# Happy Birthday BT!



## Cooking Goddess (Sep 30, 2014)

So here we are, watching you grow a year older. And yet some days you don't seem to have gotten a year closer to being a grown-up.  Well good for you!  May you always keep that spark of child inside you. Hope you have a wonderfully fun and playful day.


----------



## CWS4322 (Sep 30, 2014)

Happy Birthday, Buckytom! Hope the DW and son have something special planned for your day.


----------



## Hoot (Sep 30, 2014)

Happy Birthday, Buckytom!


----------



## Andy M. (Sep 30, 2014)

Happy Birthday!  May this be the best day ever for you.


----------



## Dawgluver (Sep 30, 2014)

Happy Birthday, Buckytom!!


----------



## Josie1945 (Sep 30, 2014)

Happy Birthday BT 

Josie


----------



## Katie H (Sep 30, 2014)

"Happy Birthday, cousin!"  Hope you have a great day and get to enjoy it with DW and your little guy.  Best wishes for a wonderful year ahead.


----------



## GotGarlic (Sep 30, 2014)

♪♪♫♥ (,) ♫♪♥♪
....~.| |~ ♪ ♫ Happy ♫ ♪
.....{░♥░}
...{░♥░♥░} ♫ Birthday ♪ ♫
.{░♥░♥    ░♥░}
\¤¤¤¤¤¤¤¤¤¤/ ♫ ♪ Buckytom! ♪ ♫


----------



## bethzaring (Sep 30, 2014)

Happy Birthday Fella!


----------



## Kayelle (Sep 30, 2014)

Happy Birthday BT !! May you have your best year ever!


----------



## CharlieD (Sep 30, 2014)

Happy and healthy birthday wishes!


----------



## buckytom (Sep 30, 2014)

thanks very much, guys. it was a nice day, although last night at work was busy so i just slept all day.

but we did go out to a nice little steakhouse for dinner, and now i'm returning phone calls and texts of well wishes to my family.

i'm.a rich man as no one really needs more than the wealth of the love of his family, and i've got that in spades.

thanks again.


----------



## Cheryl J (Sep 30, 2014)

Happy birthday, bucky!  Glad to hear you had a great day.


----------



## Alix (Oct 1, 2014)

Here's hoping you got spoiled rotten yesterday BT! My apologies for being late.
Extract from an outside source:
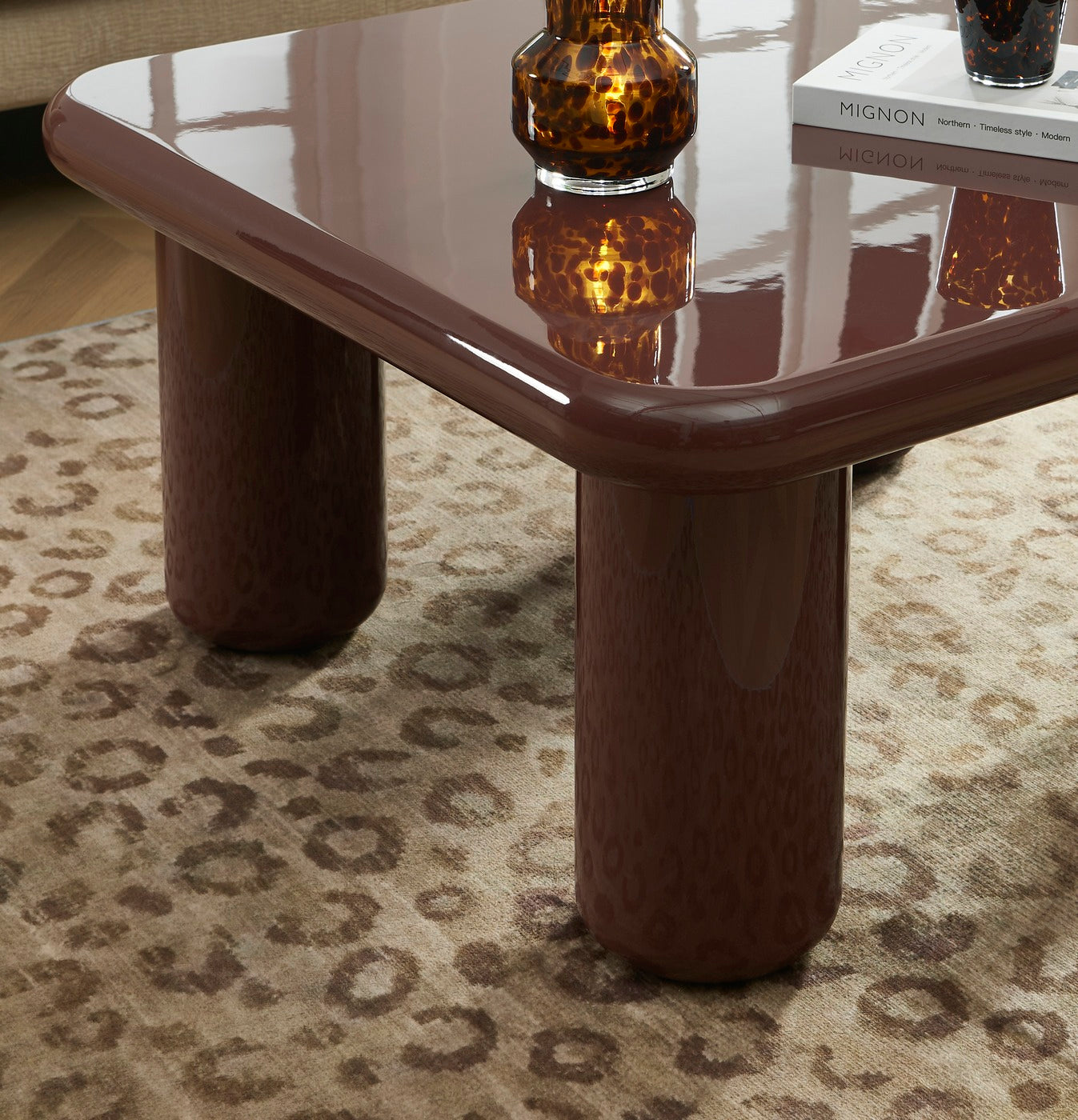Moxy - Coffee Table - Burgundy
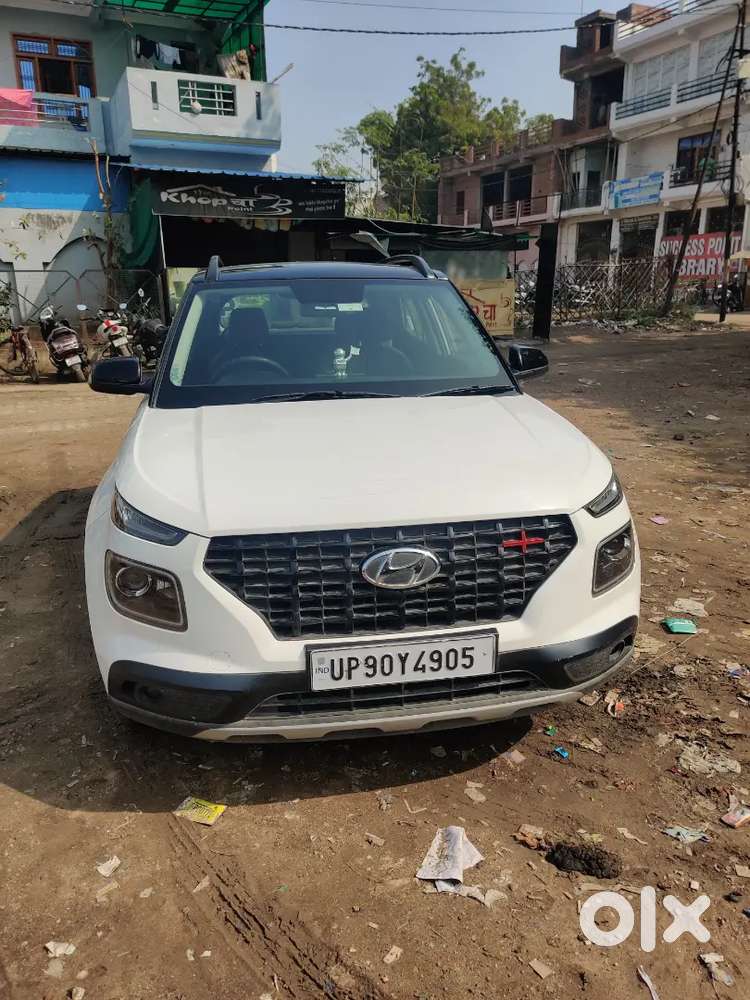 Hyundai Venue Sx Dual Tone October-2021 With All Top Model Features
Wishing you joy in the year ahead!


----------



## buckytom (Oct 1, 2014)

thanks cheryl and alix.

i blinked and got old, so i get to chase kids off my lawn for real, now.


----------



## LPBeier (Oct 4, 2014)

Bucky, so sorry I am late with the birthday wishes.  I hope it was oh so awesome and there was a cake in there somewhere!


----------



## buckytom (Oct 4, 2014)

thanks, lp.

yes, chocolate lava cake with vanilla ice cream.


----------



## TATTRAT (Oct 4, 2014)

Hope you had a great womb liberation anniversary, BT!


----------